Imagina que le debes dinero a un amigo por valor de 100€ que debe pagar dentro de 6 meses, sin embargo, debido a encontrarse en una mala situación económica, sabe que llegado el momento no podrá realizar el pago. No obstante, y actuando de buena fe y con la buena intención de solventar la situación de la mejor manera posible, le planteas a tu amigo “renegociar” la deuda, planteándole dos opciones: reducir la deuda de 100€ a 80€ y ampliar el plazo de pago de 6 meses a 10 meses. De esta manera evitarías un conflicto con su amigo.
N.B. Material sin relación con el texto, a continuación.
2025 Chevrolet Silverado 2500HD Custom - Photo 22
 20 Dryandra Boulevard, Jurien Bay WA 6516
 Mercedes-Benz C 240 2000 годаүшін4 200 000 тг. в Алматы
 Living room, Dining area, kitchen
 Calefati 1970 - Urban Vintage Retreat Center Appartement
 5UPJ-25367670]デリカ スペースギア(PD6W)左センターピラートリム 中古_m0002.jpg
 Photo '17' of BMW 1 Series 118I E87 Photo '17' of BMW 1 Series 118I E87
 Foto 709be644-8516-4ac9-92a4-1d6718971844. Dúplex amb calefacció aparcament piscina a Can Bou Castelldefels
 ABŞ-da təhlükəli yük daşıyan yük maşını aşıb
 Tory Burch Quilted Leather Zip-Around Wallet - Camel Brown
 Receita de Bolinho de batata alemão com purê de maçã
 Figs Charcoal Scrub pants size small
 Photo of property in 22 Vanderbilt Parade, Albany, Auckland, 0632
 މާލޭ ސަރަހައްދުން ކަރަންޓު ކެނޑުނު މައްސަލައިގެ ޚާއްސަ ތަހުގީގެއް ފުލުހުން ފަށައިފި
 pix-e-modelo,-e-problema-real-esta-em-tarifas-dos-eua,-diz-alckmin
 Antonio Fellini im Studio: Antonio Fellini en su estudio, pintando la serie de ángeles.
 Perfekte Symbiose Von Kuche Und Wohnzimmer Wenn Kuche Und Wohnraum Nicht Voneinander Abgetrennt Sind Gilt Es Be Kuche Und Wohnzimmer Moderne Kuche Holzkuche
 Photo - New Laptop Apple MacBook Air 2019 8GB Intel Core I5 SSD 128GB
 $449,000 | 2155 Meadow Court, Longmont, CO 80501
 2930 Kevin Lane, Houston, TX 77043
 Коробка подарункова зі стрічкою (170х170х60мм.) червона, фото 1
Pues bien, precisamente del supuesto anterior puedo extraer la idea principal que el TRLC considera en su Libro Segundo (arts. 583 y ss.) como “Derecho Preconcursal” en cuanto al incumplimiento del plan de reestructuración, destinado a que una empresa o persona física que prevea que no podrá pagar alguna deuda puede realizar negociaciones con sus acreedores con el fin de crear un “plan de reestructuración” que les permita salir de la insolvencia.
En base a lo anterior, los planes de reestructuración están regulados en el Título III de este Libro Segundo del TRLC (arts. 614 y ss.) y pueden definirse como un instrumento preconcursal que permite modificar las condiciones o estructura del activo, del pasivo y/o de los fondos propios, a través de diferentes mecanismos, entre los que destacamos las llamadas “quitas”, rebajas de deuda como la que hicimos anteriormente pasando de 100€ a 80€, y “esperas”, ampliación del plazo de pago como el que hicimos al pasar de 6 meses a 10 meses.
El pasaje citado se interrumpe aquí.